Dive Brief:
- Sanofi said Friday it will ask regulators around the world to review its new eczema drug amlitelimab following mixed study results that could lead to a clearance in the U.S. but spell trouble in Europe.
- A combination of amlitelimab and topical steroids helped between one-quarter and one-third of people with eczema completely or almost completely clear their skin lesions, depending on the dose frequency received and trial they’d participated in. Amlitelimab met all its objectives in one late-stage study. too. But in a second trial, amlitelimab missed a statistical threshold sought by European regulators. A safety study also uncovered one case of a type of skin cancer in a drug recipient.
- The results show amlitelimab is “a U.S. file-able drug that can differentiate on convenience,” Jefferies analyst Michael Leuchten wrote in a note to clients. Sanofi said it intends to move forward with global submissions based on the “totality of the data.”
Dive Insight:
Sanofi already has a dominant presence treating eczema thanks to Dupixent, a drug it co-developed with Regeneron and that racked up more than 11 billion euros, or $13 billion, in sales covering all approved indications. But Dupixent loses patent protection in 2031, making it crucial for the France-based drugmaker to come through with a worthy successor.
Sanofi has billed amlitelimab as that kind of prospect. The company acquired amlitelimab through a $1.1 billion buyout of Kymab in 2021, and Sanofi has been hoping that its different mechanism and potential to be dosed less frequently might set it apart.
That mechanism of action, blocking an immune regulating molecule called OX40L, is also being explored by Amgen. But expectations for these kinds of drugs have cooled following disappointing data from Amgen in 2024 and underwhelming amlitelimab results last September.
Sanofi was looking to solidify its case with the newly released results. The data comes from two Phase 3 trials — SHORE and COAST 2 — and a Phase 2 safety study dubbed ATLANTIS. Differences in the analyses prepared for regulators in the U.S. and Europe stemmed from how the two agencies want to count non-responders for the purposes of calculating statistical significance.

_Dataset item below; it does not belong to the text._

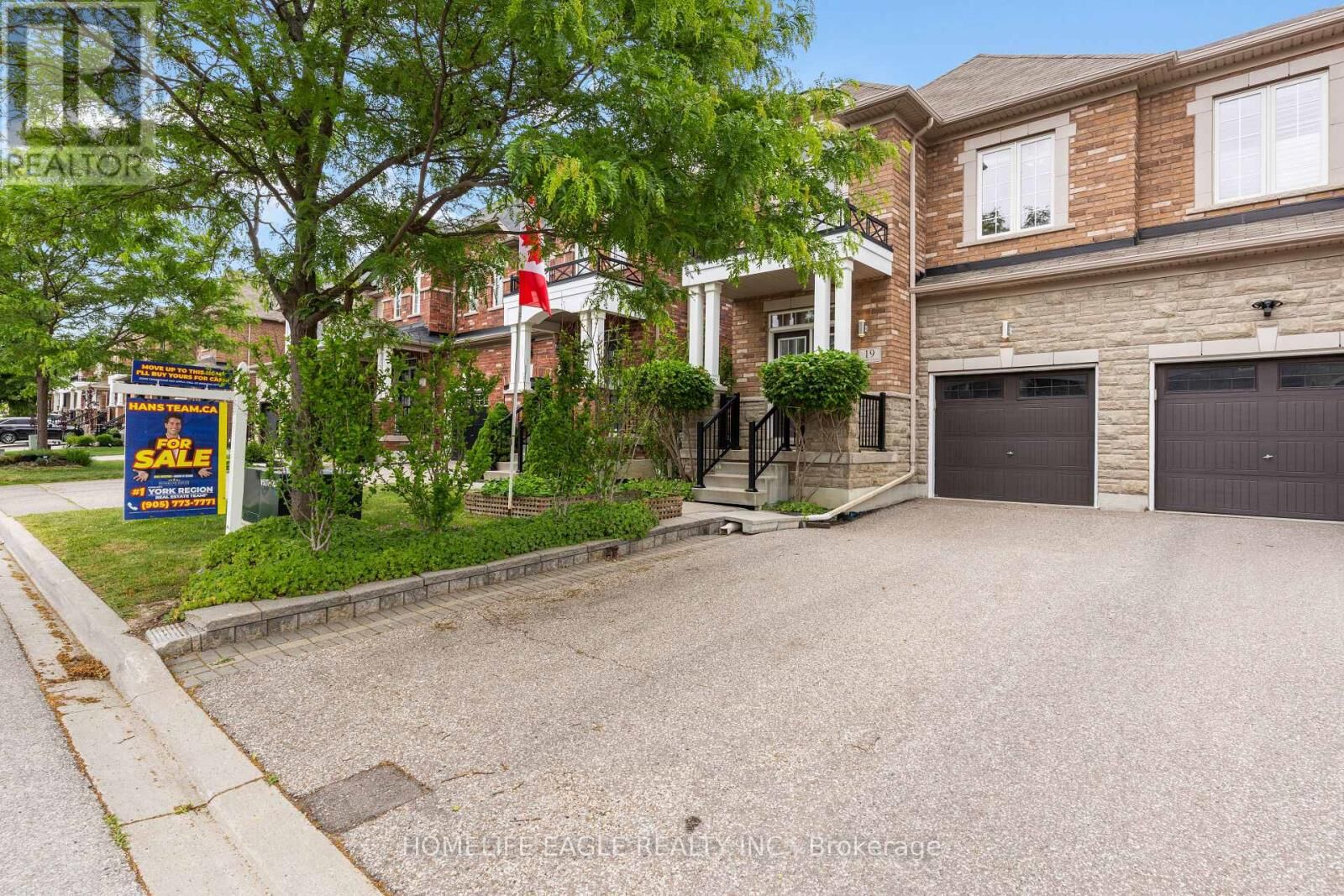 Property Photo:  19 Gentile Circle  ON L4H 3N3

In SHORE, amlitelimab hit both of its main goals. Compared to a placebo, people who received amlitelimab every four or 12 weeks were more likely to achieve clear or nearly clear skin as judged by an investigator, as well as a 75% or more reduction in their skin lesions.
But in COAST 2, the difference in how the non-responders were classified led amlitelimab to miss its benchmark for success with European regulators. According to Sanofi, 28% of those dosed every 12 weeks achieved the investigator-assessed goal, compared with 19% of placebo recipients, which wasn’t a statistically significant difference under the European calculation.
Sanofi’s safety study, meanwhile, included a positive signal showing that efficacy appeared to build with time and didn’t plateau after a year. But there, a case of Kaposi’s sarcoma — a cancer that forms around skin lesions — was observed in a treatment recipient. That incident could yield a “black box” safety warning from the FDA, noted Leerink Partners analyst David Risinger.
“We suspect the market will still trade this as a show-me drug,” added Jefferies analyst Leuchten.
Two additional Phase 3 studies are ongoing and will read out results later this year.